Idaho Senate Passes Bill that Vastly Increases Difficulty of Putting Statewide Initiatives on the Ballot

On March 11, the Idaho Senate passed SB 1108, which requires statewide initiative proponents to obtain a substantial number of signatures in each of half the legislative districts in the state. All seven Democrats in the State Senate voted against it, but only three Republicans voted against it: Senators Clifford Bayer, Bob Nonini, and Steve Vick. The Senate vote was 25-10. However, at the hearing earlier, the public testimony had been overwhelming against the bill; see this description of the groups and individuals who testified on each side. Thanks to Paul Jacob for this news.

New California Registration Data

According to each of the 58 county election departments of California, current registration data for each qualified party is: Democratic 7,921,721; Republican 5,216,494; American Independent 475,281; Green 112,881; Libertarian 109,618; Peace & Freedom 61,506; Americans Elect 3,413; unqualified parties and miscellaneous 352,775; no party preference (formerly called “Declines to state”) 3,459,782.

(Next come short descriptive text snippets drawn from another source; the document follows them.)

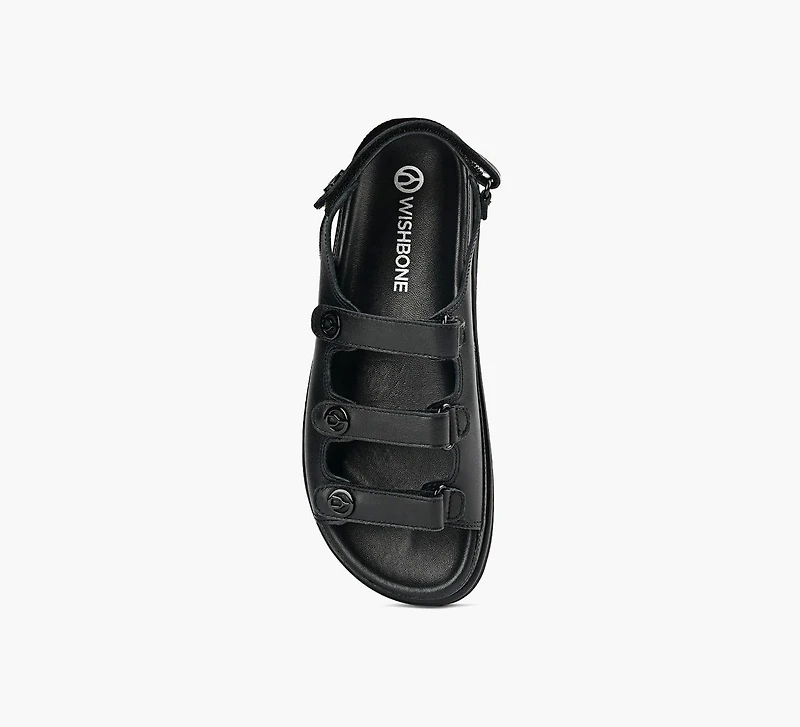 MONICA SANDAL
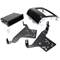 Metra 99-7626HG Pathfinder Kit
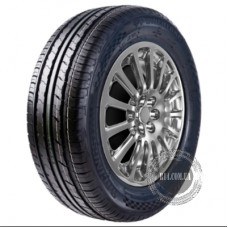 Powertrac RACINGSTAR 215/45 R17 91W XL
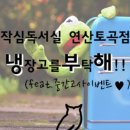 수영작심독서실 이미지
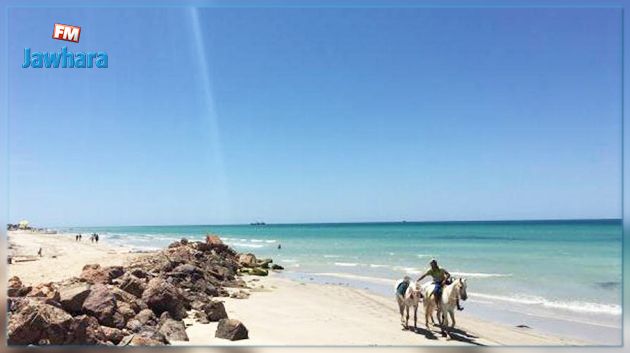 هذا ما ينتظر جربة وقرقنة بحلول 2100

The California Secretary of State will soon release a new registration tally, and that tally won’t match these figures exactly. These figures were obtained by contacting each county elections office. Some counties were more easily able to forward the February 10, 2013 tally data, whereas other counties were not able to do that easily, and so just gave the current tally, which would as of some date in the first twelve days of March 2013. By contrast, when the Secretary of State releases her report, the totals for all counties will be the February 10, 2013 data.

The number of registered voters dropped to 17,713,471. This is because many counties have purged voters who have not voted in either of the last two statewide elections. The purge in Orange County was especially severe, and registration dropped from 1,683,001 in October 2012 to 1,397,665. Orange County registration will rise in the next few weeks as some of the voters who received the postcard will respond that yes, they are still at the same address.

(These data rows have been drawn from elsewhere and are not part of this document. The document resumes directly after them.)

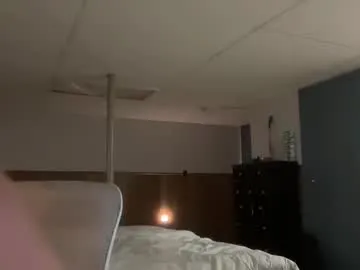 kira0541 – webcam model profile photo Image 2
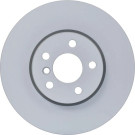 BOSCH | Bremsscheibe | 0 986 479 C93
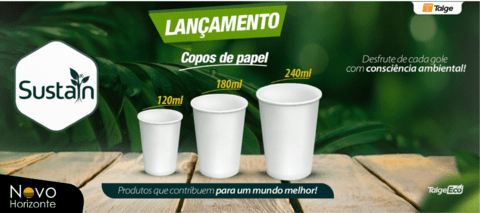 Carrossel 1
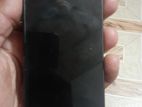 Apple iPhone 5 (Used)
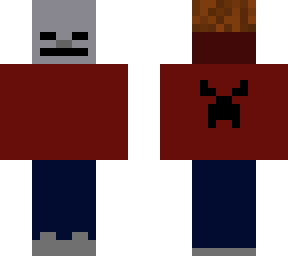 skele-boi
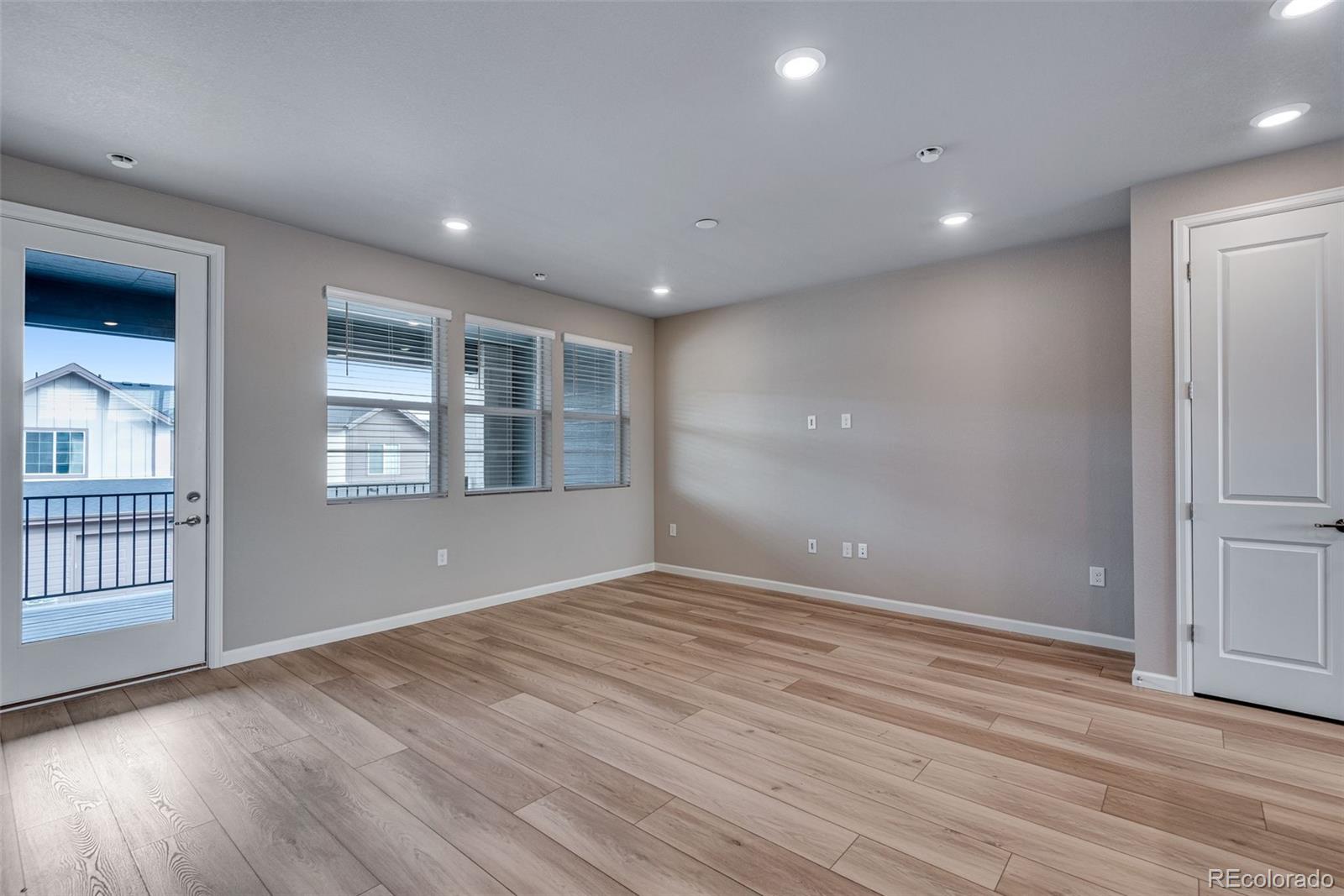 MLS Image #24 for 16744 w 93rd place ,arvada, Colorado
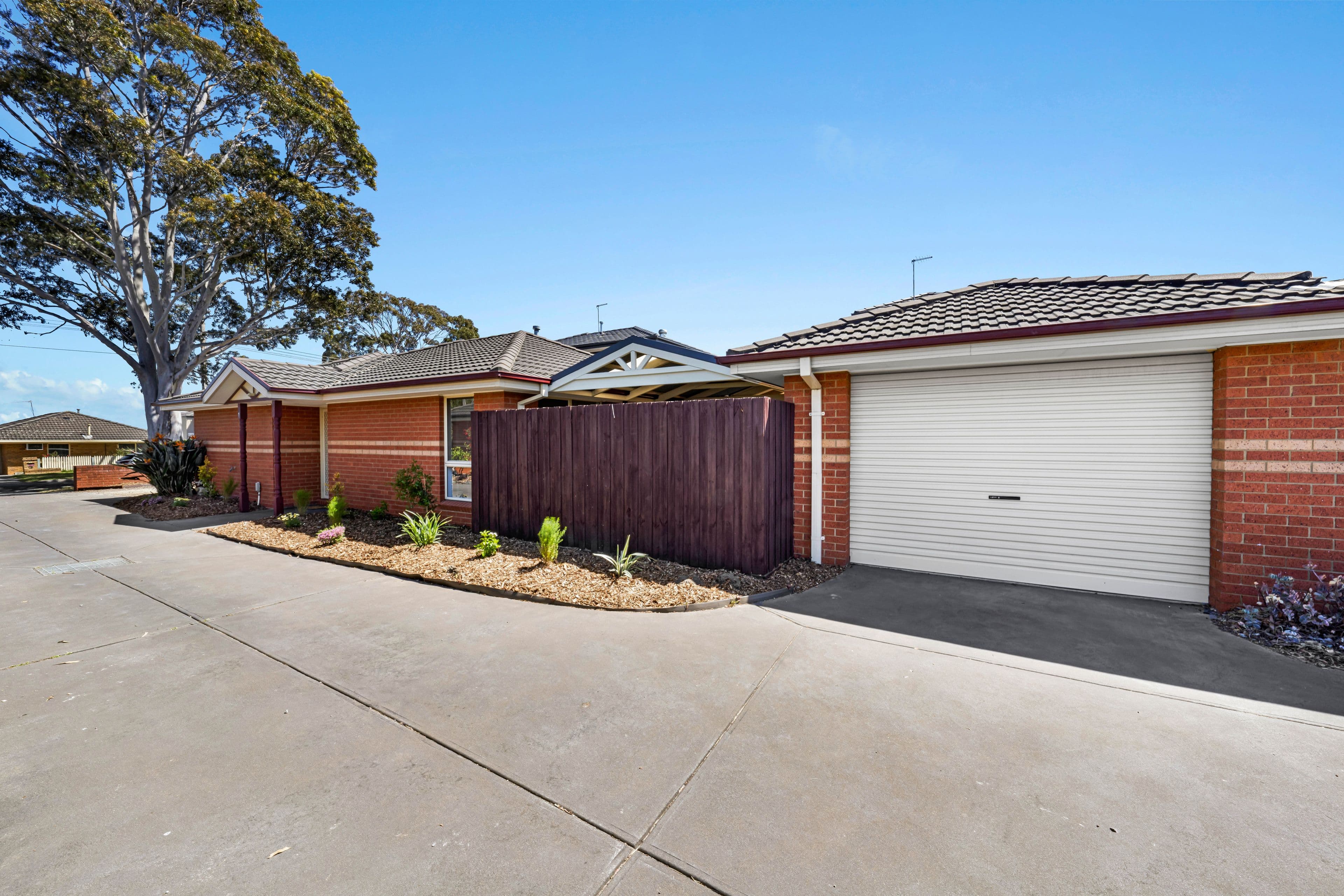 33 Broderick Road, Carrum Downs VIC 3201, Carrum Downs - Image 1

Every qualified political party in California now has a higher share of the registration than it did on the last state tally, the October 22, 2012 tally. The only category that declined as a percentage are the No Party Preference voters, formerly known as Declines to State voters, and also known as independent voters. In raw numbers, because the state registration as a whole declined, all the parties have fewer registered voters now than they did in October 2012, except that the Libertarian Party and Americans Elect have more than they did then. The current total for those two parties is the highest in the history of each of them.

Florida Bill to Correct Unjust Law on Filing Fees

Florida has the highest candidate filing fees in the nation. And an obscure law says that when a candidate gets on the ballot by collecting signatures in lieu of the filing fee, if he or she wins, and still has money left over in his or her campaign account, the fee must still be paid, after the election is over. See this story, which says that an election law bill moving through the legislature will be amended to delete this utterly irrational requirement.